Vor ein paar Tagen durfte ich nach Hause, mit einem letzten Wunsch. Die Welt zu sehen. Was war dieser kleine Wunsch schon im Gegensatz zu dem Wunsch leben zu dürfen? Dank Medikamenten kann ich halbwegs normal leben. Bei meiner Entlassung galt ich als austherapiert. Es heißt mit ganz einfachen Worten, man hat alles versucht, was möglich war und nun konnte man nur noch die Schmerzen lindern und warten bis es vorbei war.
Das typische Mädchenzimmer in dem ich sich gerade befand, war seit drei Jahren nicht verändert worden. Man hatte keine Zeit gehabt, aber auch keine Lust. Wofür denn auch, die letzten Wochen wollte ich nicht in meinem Zimmer verbringen sondern draußen, unter Menschen. Als ich damals den Wunsch geäußert hatte, die Welt zu sehen, haben meine Eltern ihre Ersparnisse zusammengelegt, alles was sie kriegen konnten und mit mir gemeinsam geplant. Es sollten meine letzten, schönen Erlebnisse werden.
Der Rolli war fast fertig gepackt, es fehlte nur noch ein Stück. Die Sofortbildkamera. Sie ermöglicht mir alle Erinnerungen sofort festzuhalten und benennen zu können um sie dann zuhause noch einmal durchleben zu können, wenn die Schmerzen kamen. Keiner sprach es aus, aber jeder wusste, dass dies der einzig wahre Zweck dieser Reise war.

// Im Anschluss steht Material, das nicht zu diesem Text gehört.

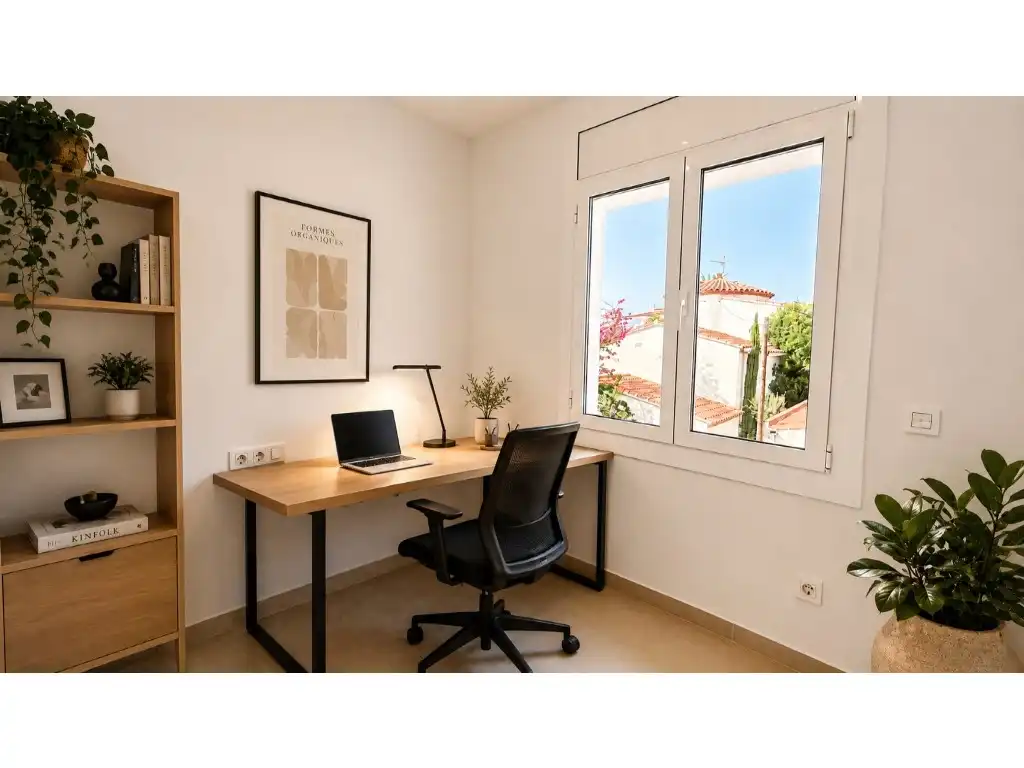 Casa in vendita a Carrer Badia, imagen 15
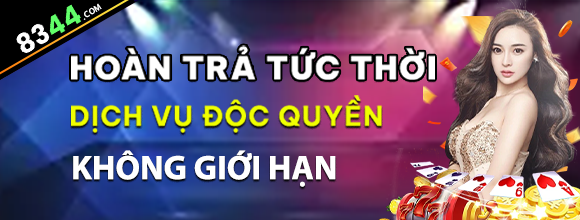Hình ảnh quảng cáo của 789f hiển thị nền tảng và các lợi ích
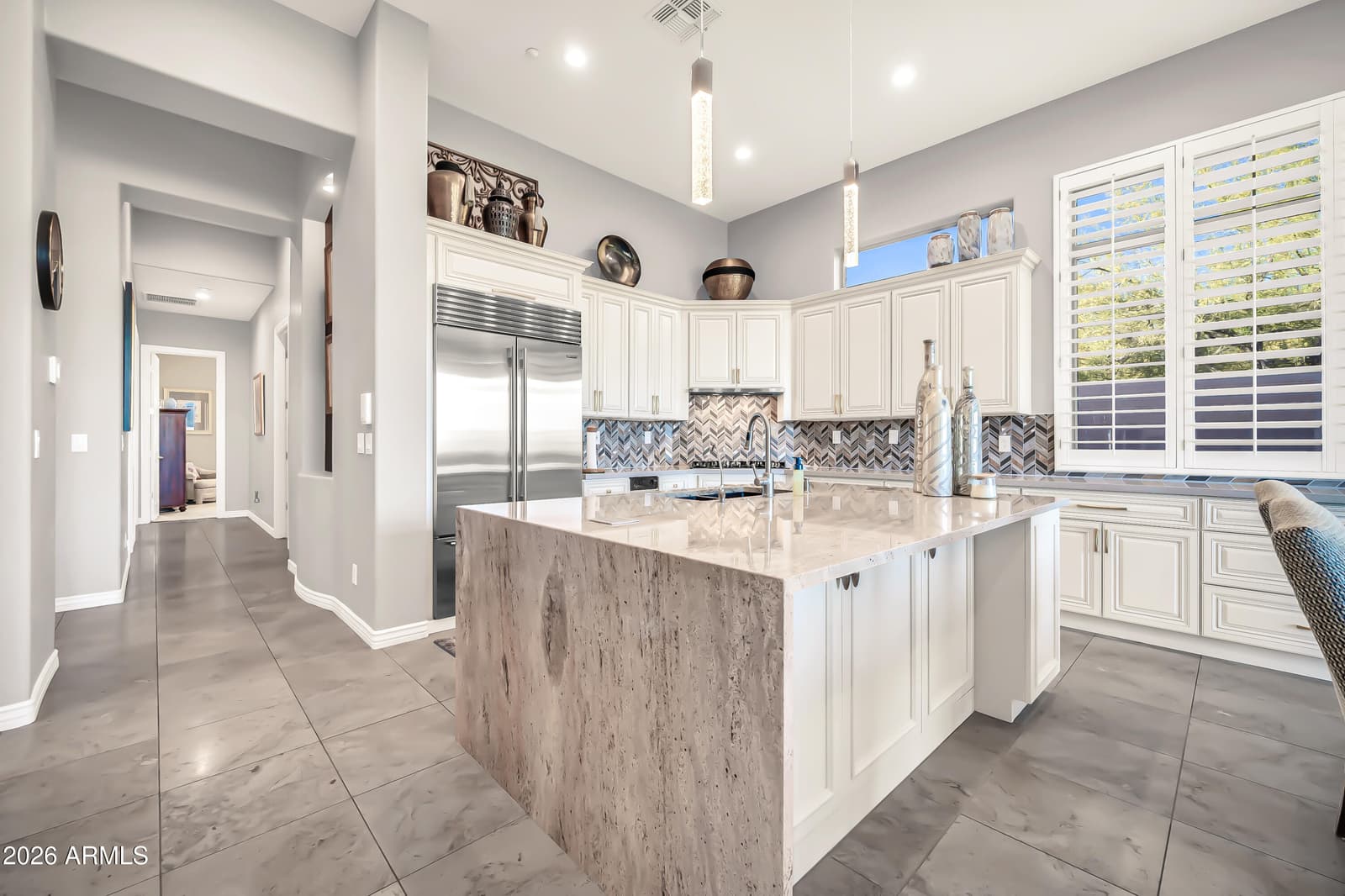 42229 N Astoria Way, Anthem, AZ 85086 — photo 13 of 64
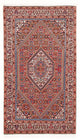 Bidjar - Bukan Mattan 143x85cm - Persisk matta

Das Abendessen mit meiner Familie, zu der auch noch die Großeltern, nahe Verwandschaft und vor allem meine Handvoll Freunde zählte, verlief gedrückt und ruhig. Es war nicht besonders, es war schön. Ich verabschiedete mich so, als würde ich nur ein Jahr weg sein, und anschliessend hätten wir noch zig gemeinsame Jahre vor uns.
Mit diesem Gefühl ging ich auch in mein Bett, mit dem Gefühl, noch ewig zu leben. Vor dem Zubettgehen packte ich auch die Kamera in den Koffer. Nun sollte es also beginnen, das letzte Jahr meines Lebens.
Wenige Stunden später läutete der Wecker und ich erwachte aus dem für mich typisch gewordenen leichten Schlaf. Aufgeregt und mit Vorfreude ging ich in das kleine, weiß gekachelte Bad, dass ich mein Eigen nennen durfte. Damals hatten meine Eltern mir diesen kleinen Raum als Zeichen der Privatsphäre überlassen. Diese Privatsphäre gibt es in einem Krankenhaus nicht, weswegen mich diese wenige Quadratmeter glücklich werden ließ. Noch einmal duschen, anziehen und dann tappte ich runter in die Küche. Das Frühstück hatte Mutter schon tags zuvor hergerichtet und abgedeckt stehen lassen. Ich wusste, dass meine Eltern im Zimmer über der Küche wach im Bett lagen und gerne noch mal kommen würden, um sich zu verabschieden. Aber ich wollte das nicht, ich wollte keinen weiteren Abschiedsschmerz. Wenig später kontrollierte ich meinen Koffer, packte meine Medikamente, sowie die kopierte Krankenakte und weitere lebenswichtige Utensilien in den Rucksack und schloss wenig später die Haustür hinter mir. Ohne sich noch einmal umzudrehen ging ich aus der Hofeinfahrt und machte mich auf den Weg zum Bahnhof. Meine Eltern standen eng beieinander am Fenster, das zur Straße rausging und winkten mir stumm ein letztes Mal. Ich fühlte es.